\( X \) is a normally distributed random variable with mean 57 and standard deviation 9. What is the probability that \( X \) is between 48 and 84 ? Use the \( 0.68-0.95-0.997 \) rule and write your answer as a decimal. Round to the nearest thousandth if necessary.

To determine the probability that \( X \) is between 48 and 84, we'll use the **68-95-99.7 (Empirical) Rule** for normally distributed data.

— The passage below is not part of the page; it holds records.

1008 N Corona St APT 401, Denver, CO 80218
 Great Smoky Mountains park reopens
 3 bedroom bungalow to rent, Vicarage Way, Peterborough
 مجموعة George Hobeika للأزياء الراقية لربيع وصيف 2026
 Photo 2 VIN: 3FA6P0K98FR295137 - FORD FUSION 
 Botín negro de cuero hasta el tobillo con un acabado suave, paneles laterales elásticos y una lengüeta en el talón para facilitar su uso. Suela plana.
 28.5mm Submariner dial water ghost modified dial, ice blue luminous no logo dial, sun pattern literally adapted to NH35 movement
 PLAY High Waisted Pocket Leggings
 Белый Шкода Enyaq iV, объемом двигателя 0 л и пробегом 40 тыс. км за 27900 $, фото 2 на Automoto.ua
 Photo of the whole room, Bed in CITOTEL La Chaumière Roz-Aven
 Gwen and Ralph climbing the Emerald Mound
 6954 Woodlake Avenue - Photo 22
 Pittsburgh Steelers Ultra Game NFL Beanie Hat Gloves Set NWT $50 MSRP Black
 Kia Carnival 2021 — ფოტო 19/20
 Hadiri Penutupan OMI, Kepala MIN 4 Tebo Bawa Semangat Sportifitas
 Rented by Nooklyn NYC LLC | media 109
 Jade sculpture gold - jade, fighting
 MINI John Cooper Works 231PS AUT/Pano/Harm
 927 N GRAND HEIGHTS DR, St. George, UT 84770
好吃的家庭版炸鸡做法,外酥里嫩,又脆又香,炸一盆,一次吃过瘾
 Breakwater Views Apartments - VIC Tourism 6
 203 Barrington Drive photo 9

Here's a step-by-step breakdown: 1. **Understand the Distribution:** - **Mean (\( \mu \))**: 57 - **Standard Deviation (\( \sigma \))**: 9 2. **Identify the Z-scores:** - **Lower Bound (48):** \[ Z = \frac{48 - 57}{9} = -1 \] - **Upper Bound (84):** \[ Z = \frac{84 - 57}{9} = 3 \] 3. **Apply the Empirical Rule:** - **Within 1 Standard Deviation (\( \mu \pm 1\sigma \)):** Approximately 68% of the data falls between 48 and 66. - **Within 3 Standard Deviations (\( \mu \pm 3\sigma \)):** Approximately 99.7% of the data falls between 30 and 84. 4. **Calculate the Desired Probability:** - **Probability below 84 (\( Z \leq 3 \)):** Approximately **99.7%** or **0.997**. - **Probability below 48 (\( Z \leq -1 \)):** Approximately **15.87%** or **0.1587**. To find the probability between 48 and 84: \[ P(48 \leq X \leq 84) = P(X \leq 84) - P(X \leq 48) = 0.997 - 0.1587 = 0.8383 \] 5. **Round to the Nearest Thousandth:** \[ P(48 \leq X \leq 84) \approx 0.838 \] **Final Answer:** The probability that \( X \) is between 48 and 84 is **0.839**.